Em minha concepção, dançar é por a alma em movimento. E como é lindo ver a beleza dançar. Há pessoas que embelezam a dança. Por outro lado, também há os que enfeiam o dançar. Principalmente, a dois. Dançar a dois é uma arte. É partilha. Duas pessoas diferentes, que tem que se unir para se movimentar.
Quando os corpos não sincronizam, há que ter alma para harmonizar os sentimentos. Às vezes um tem graça, o outro não. Às vezes um tem ritmo, ao outro falta. Um tem jeito, o outro não. Às vezes um nasceu para dançar, o outro morre de vontade. Há os que dançam muito e os que queriam muito conseguir. Difícil juntar, no mesmo ritmo, do mesmo jeito.
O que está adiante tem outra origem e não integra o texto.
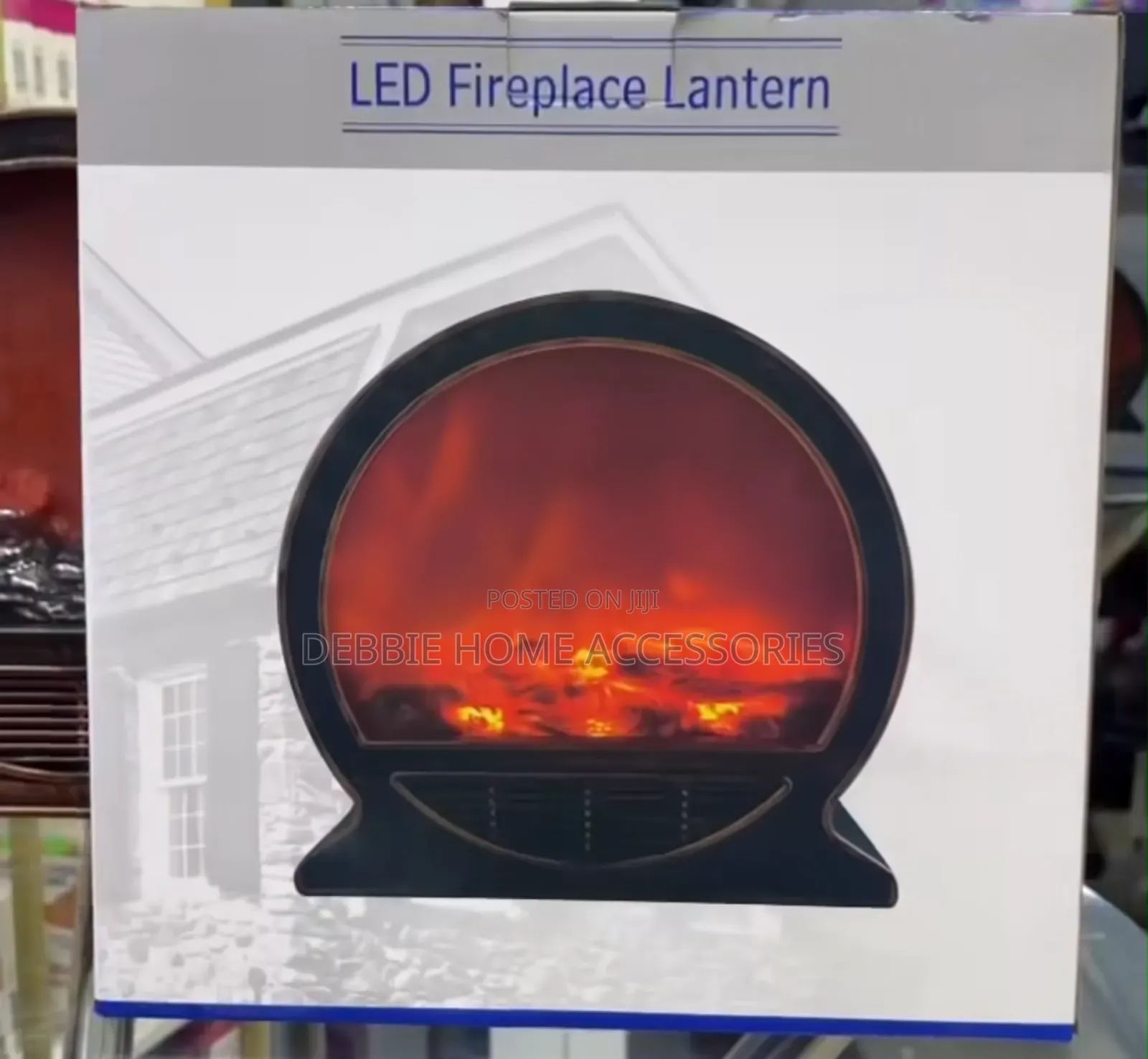 Led Fireplace Lantern -a Decorative Lamp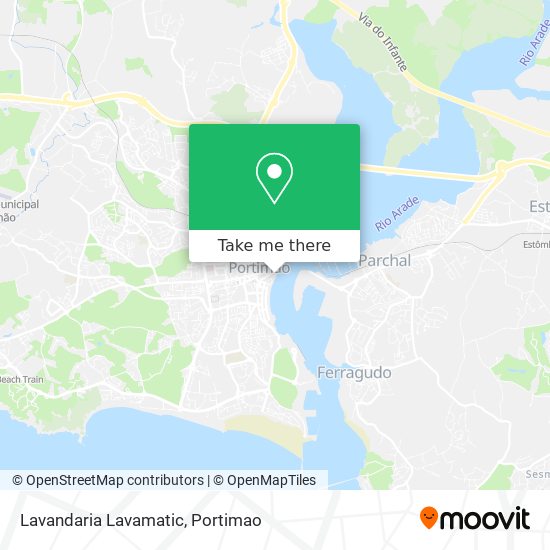 Lavandaria Lavamatic mapa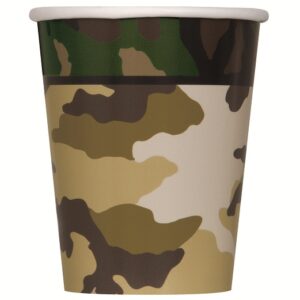 Camouflage Cups 9oz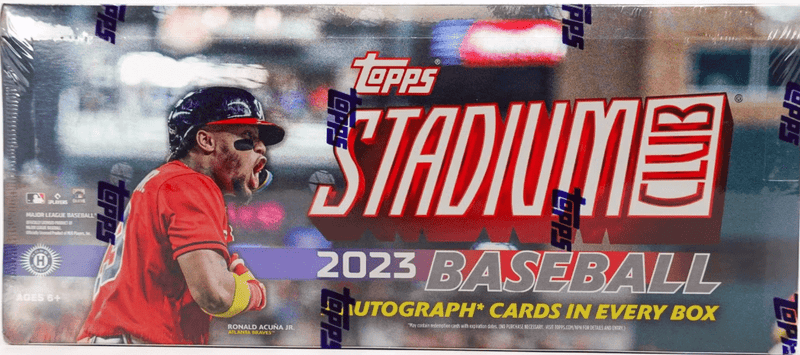 2023 Topps Stadium Club Baseball Hobby Box (16 Packs Per Box, 8 Cards Per Pack)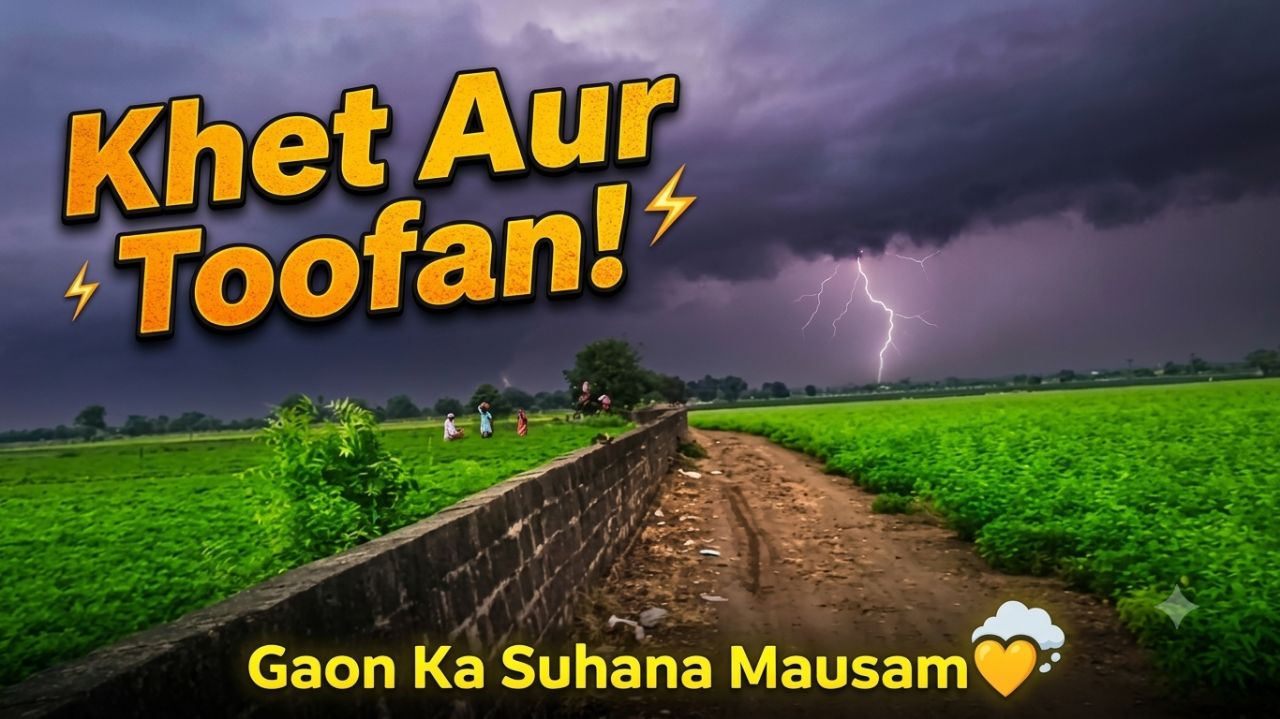 ​gaon ka suhana mausam
​khet aur toofan
​village monsoon vlog
​gaon me baarish aur toofan
​khet me b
Para embelezar a dança, quem dança muito, tem que ter a humildade de compreender quem apenas deseja muito dançar.
Há pessoas que embelezam a dança com sua postura. Não a sua postura corporal. Com sua postura moral. Tem a gentileza no olhar, a generosidade nos movimentos, a flexibilidade nos conceitos, a humildade como guia. Embeleza a dança, quem tem paciência com os erros dos outros, sabe que erra também. Embeleza a dança quem sorri de seus erros. Quem não se importa de tentar outra vez, quem quer ensinar, dividir, partilhar, se expressar, não apenas aparecer.
Embeleza a dança, quem perde o ritmo, o sapato, o passo, o cambret, mas não perde a linha. Não perde a elegância. Embeleza a dança, quem não se incomoda de ser eterno aprendiz, quem quer aprender todos os dias, quem não desiste nunca de ser feliz.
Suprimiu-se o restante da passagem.